In the past few years, forest officials across the country have considered the purpose of roads on national forest lands and if the agency can afford to maintain all of them.
In 1999, the Forest Service estimated having responsibility of 380,000 miles of roads in the United States but only having about 20 percent of the funds needed to properly maintain them.
Reed said many of the local roads in question are leftover from heavy logging that happened in there in the '60s and might not serve a current need.
Instead, those roads, and some older trails, could have a negative environmental impact on the forest. Roads and trails can affect the watershed and have a significant influence on the health of surrounding landscapes.
"They are the biggest contributor of sediment to our streams," Reed said.
The local elk herd habitat also is a particular concern for the Forest Service and Colorado Division of Wildlife from the perspective of roads and trails, Reed said.
Some animals from Bears Ears Elk Herd live in California Park and the Black Mountain in the fall. Hunters use the roads and trails to access the herd. In the past few years, an increased number of hunters have popped up in that area to hunt. That caused the elk to move down to private lands earlier in the year before a good hunt can happen.
"We have too many roads (and trails) that are going to too many places that are disturbing the elk," Reed said.
Last year, the DOW estimated the elk herd had 17,000 animals, which is about 5,000 more than wildlife officials say is healthy. Reed said 4,000 elk from that herd spend the spring in California Park. That increased number creates the same negative impacts on the environment that overgrazing of cattle has on the land. That includes a decrease of edible plants and destructive trampling to the area.
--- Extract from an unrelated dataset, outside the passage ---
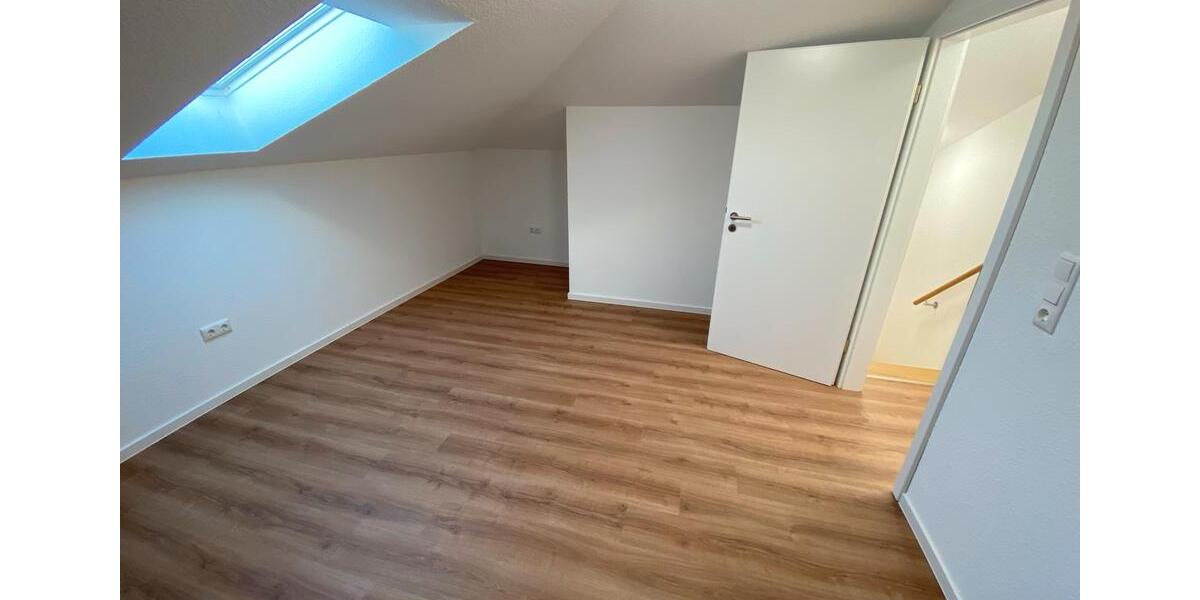 Etagenwohnung Bösel - 4 Zimmer, 114 m&sup2;, 1.050&euro; | Angebot:26366797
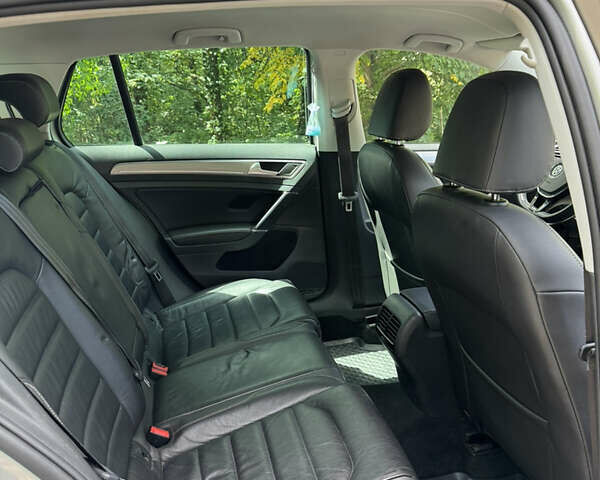 Серый Фольксваген e-Golf, объемом двигателя 0 л и пробегом 128 тыс. км за 11900 $, фото 20 на Automoto.ua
"It's really concentrated to California Park," she said.
Restrictions on roads to decrease numbers of hunters could be just for the hunting season or permanent.
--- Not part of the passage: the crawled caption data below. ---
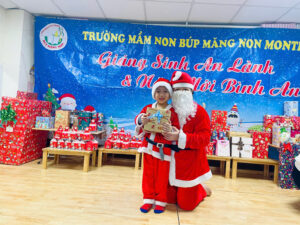 Có bạn nhỏ nào ở trường mầm non Búp Măng Non chưa nhận được quà của ông già Noel không ạ? - TRƯỜNG MẦM NON BÚP MĂNG NON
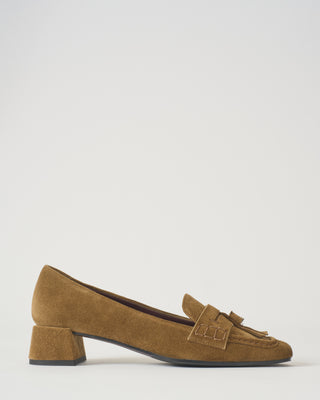 tate square toe pump with tassel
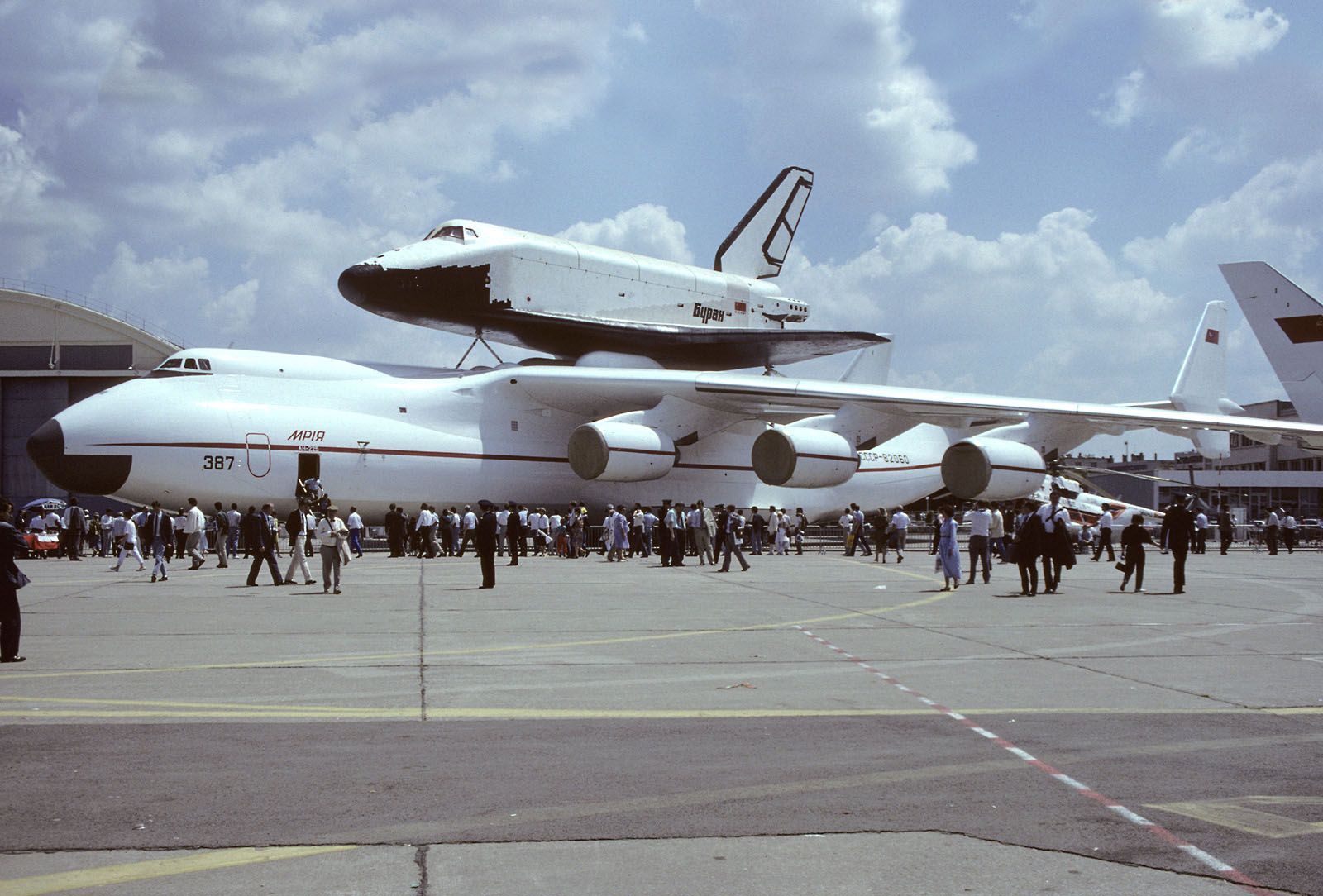 Буран през 1988 г.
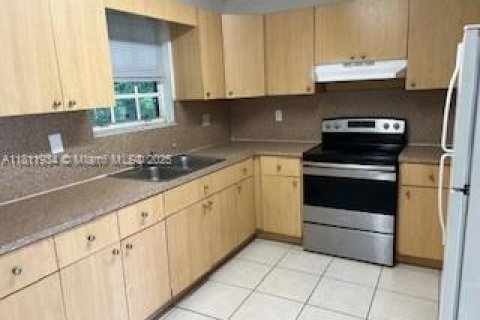 Propiedad comercial en venta en Hollywood, Florida, 170.1 m2 № 1756081 - foto 9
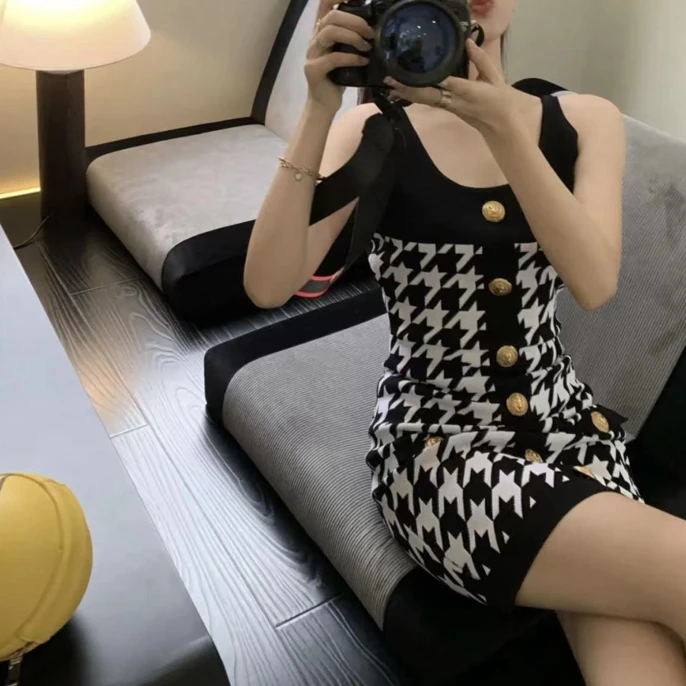 Balmain 千鸟格金扣连衣裙 【香港仓】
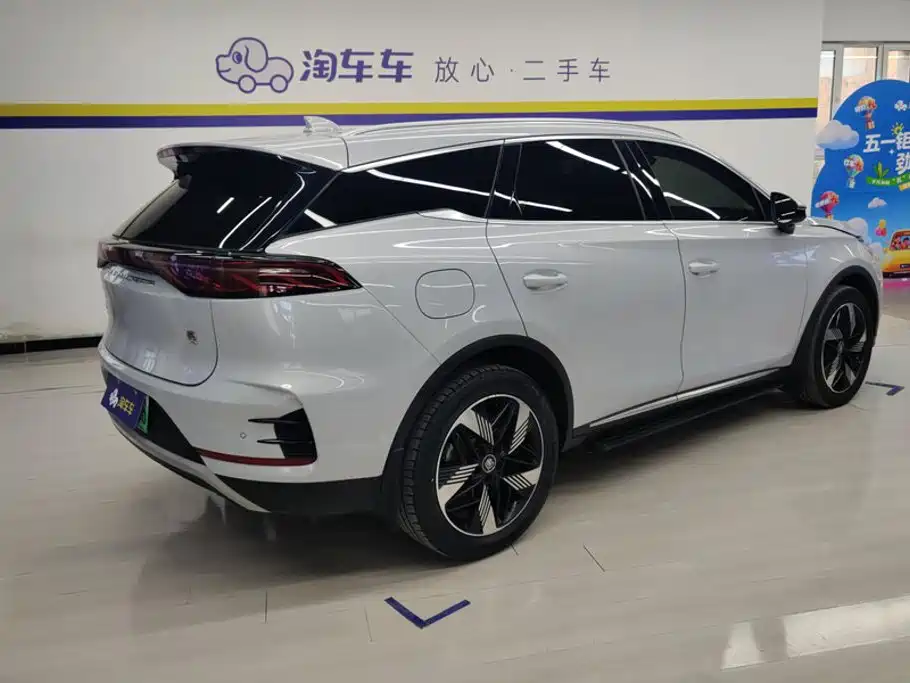 BYD Tang DM - фото 3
Local bow hunter Dennis Slunaker doesn't hunt in California Park anymore because it is too crowded with hunters. The last time he went hunting there was five years ago.
"There were a million people out there and we didn't see anything," he said.
However, Slunaker, who is a member of the Colorado Bow Association, said he doesn't know if road restriction is a cure-all to the problem.
"Personally, I think they are closing the gates after the horses have already gotten away," he said.
The problem with elk moving out of California Park and Black Mountain is primarily caused by too many people illegally driving off the roads on all-terrain vehicles. That puts the real stress on the herd, Slunaker said.
For the Forest Service, policing illegal off-road vehicles is a matter of not enough available hands, rather than not enough initiative, Reed said.